La Cour d’Appel de Rouen infirme la décision de première instance, et considère que l’accident est dépourvu de caractère professionnel.

Elle considère en effet que « le salarié qui entend se prévaloir d’une présomption d’imputabilité au travail n’a pas à démontrer la relation entre l’accident et le travail, mais doit rapporter la preuve que l’accident est survenu dans des circonstances conformes aux exigences légales. Il peut apporter cette preuve par tous moyens, mais ses seules affirmations ne sont pas suffisantes si elles ne sont pas corroborées par des éléments objectifs ».

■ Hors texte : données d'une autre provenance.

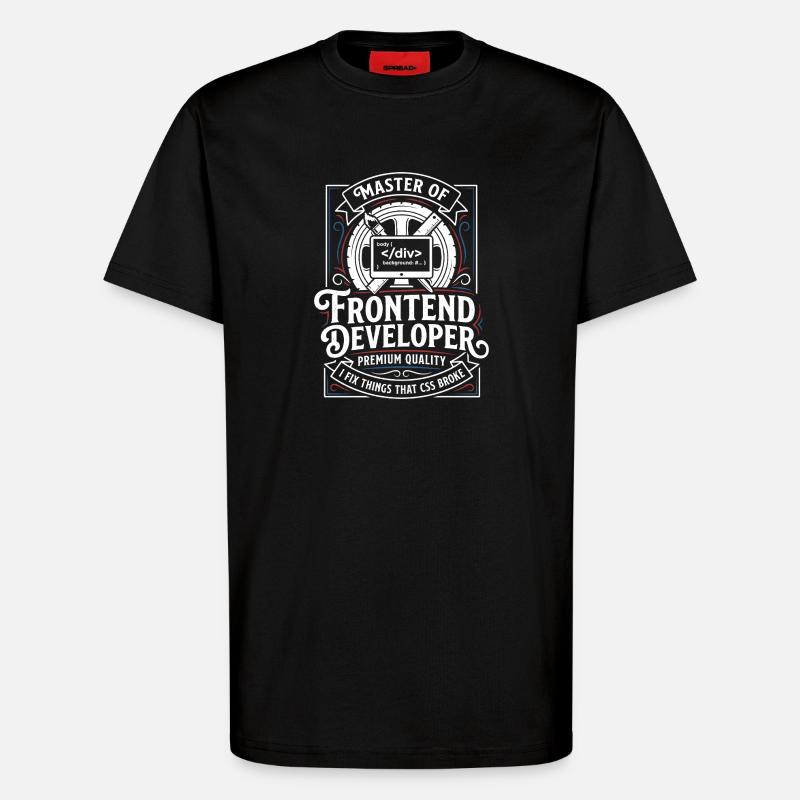 Frontend Meister: CSS HTML Kunst - T-Shirt - made by SPREAD - SOLID BLACK
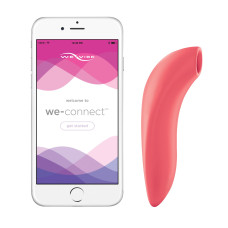 Вакуумный смарт-стимулятор для пар We-Vibe Melt Coral, удобно совмещать с проникающим сексом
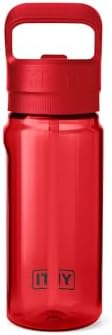 YETI Yonder 600 ml/20 oz Water Bottle with Yonder Straw Cap, Rescue Red - 5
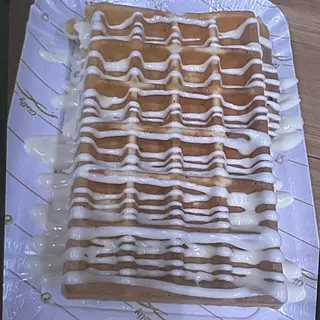 Waffle Nutella bianca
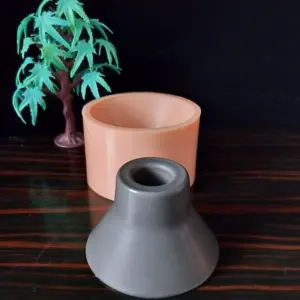 Mini concrete cement lamp home DIY handmade silicone mold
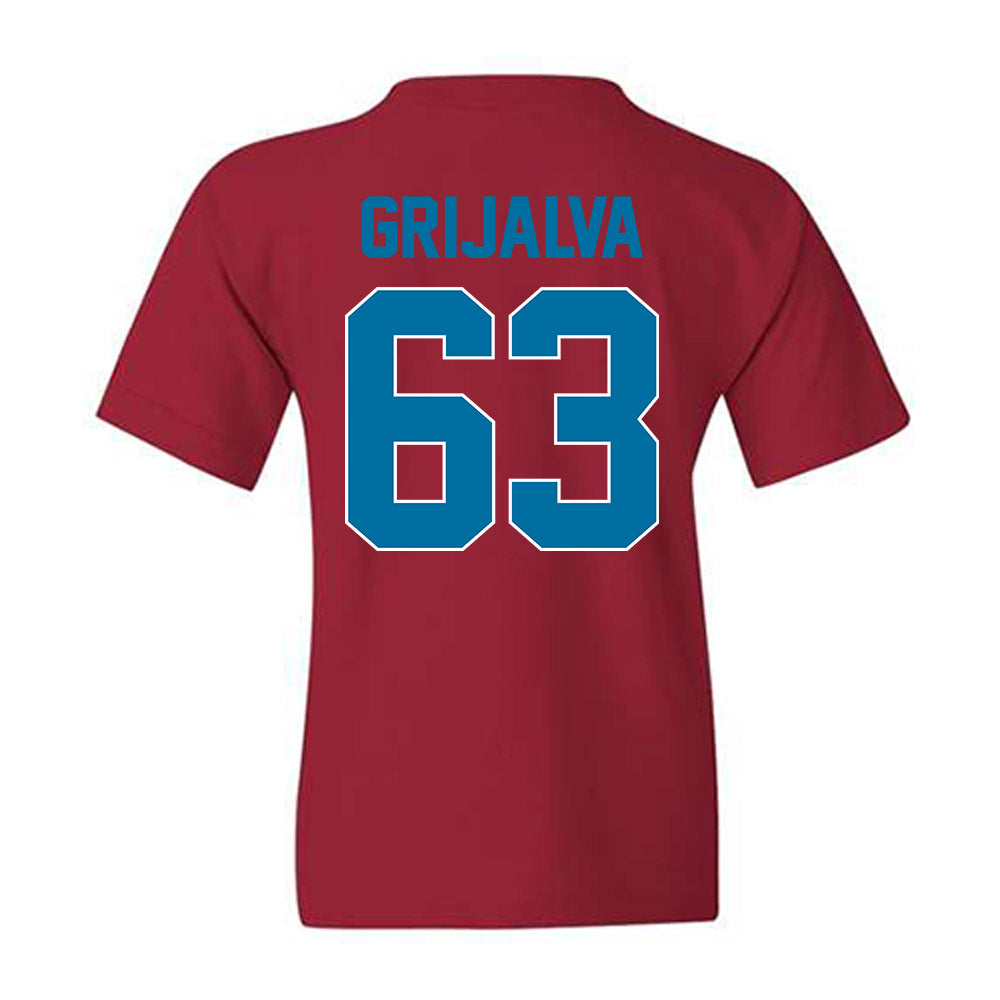 Ole Miss - NCAA Football : Alec Grijalva - Youth T-Shirt-1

La Cour relève en effet que la salariée n’apportait aucun élément probatoire établissant qu’elle se serait connectée au réseau de l’entreprise. Elle considérait également le fait que la salariée avait badgé le matin, mais pas l’après-midi, et qu’il n’était fait état d’aucune communication ou tâche effectuée à ce moment-là. Dès lors, la Cour en a déduit l’absence de caractère professionnel de l’accident. 

Cet arrêt démontre bien l’intérêt d’émettre des réserves motivées dans la déclaration d’accident du travail, en particulier lorsque les seuls éléments dont dispose l’entreprise sont les affirmations du salarié.